═══ RECORD EXCERPTS ═══

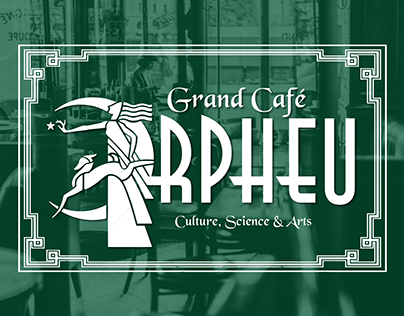 Grand Café Orpheu [Logo Design/Social Media]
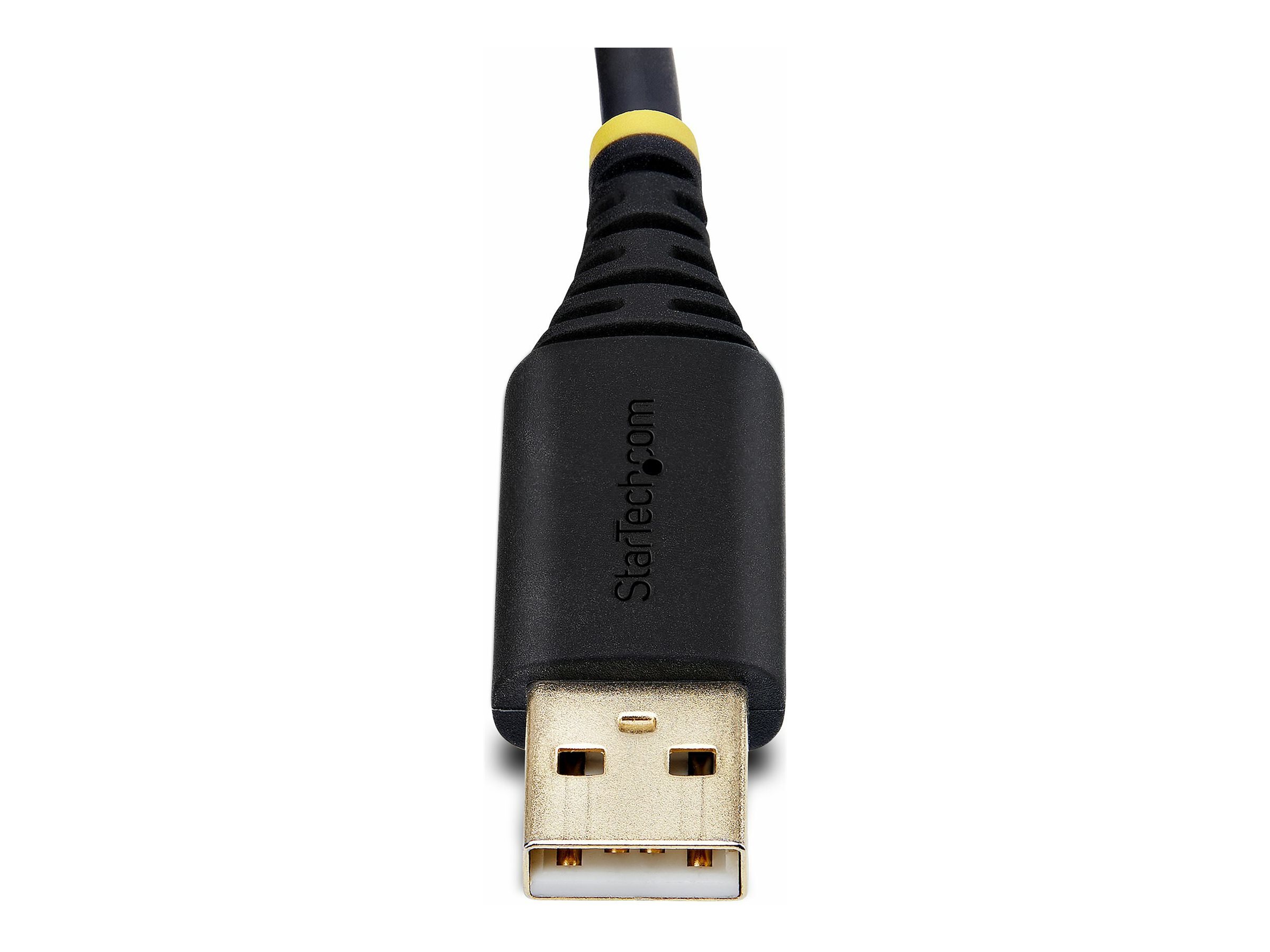 StarTech.com 3ft (1m) USB to Serial Adapter Cable Interchangeable DB9 ScrewsNuts COM Retention USB-A to DB9 RS232 FTDI IC Level-4 ESD Protection WindowsmacOSChromeOSLinux - Rugged TPE Construction (1P3FFCB-USB-SERIAL)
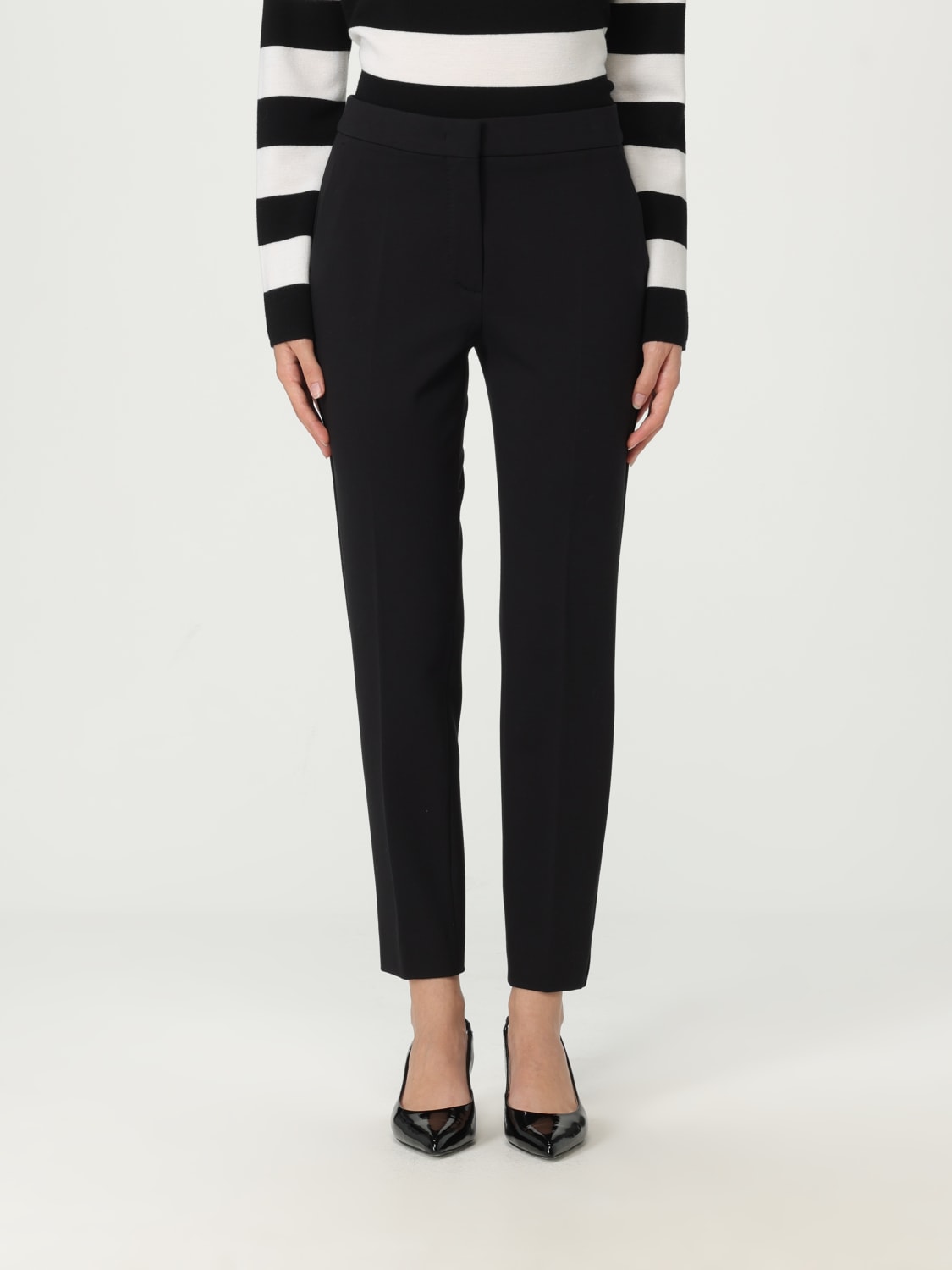 パンツ MAX MARA Woman Pants Black 2321360136600 002 Black wool pants | Max Mara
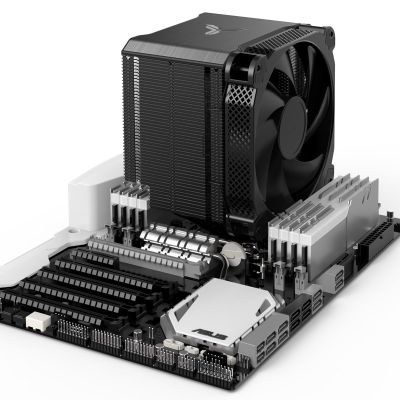16. Jonsbo HX6250 Prozessorkühler 14 cm Schwarz 1 Stück.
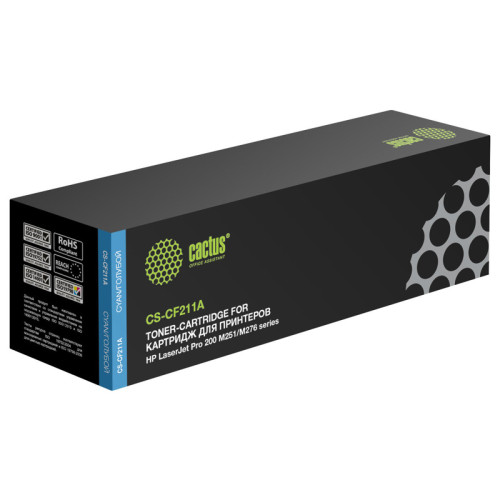 -/ Картридж лазерный Cactus CS-CF211A CF211A голубой (1800стр.) для HP LJ Pro 200 M251/M276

═══

**REQUIRED ACTION**
Give back exactly the lines from the top of the records to the line containing "パンツ MAX MARA", both included, and no pictures.

**EXERCISE RESPONSE**
 Grand Café Orpheu [Logo Design/Social Media]
 StarTech.com 3ft (1m) USB to Serial Adapter Cable Interchangeable DB9 ScrewsNuts COM Retention USB-A to DB9 RS232 FTDI IC Level-4 ESD Protection WindowsmacOSChromeOSLinux - Rugged TPE Construction (1P3FFCB-USB-SERIAL)
 パンツ MAX MARA Woman Pants Black 2321360136600 002 Black wool pants | Max Mara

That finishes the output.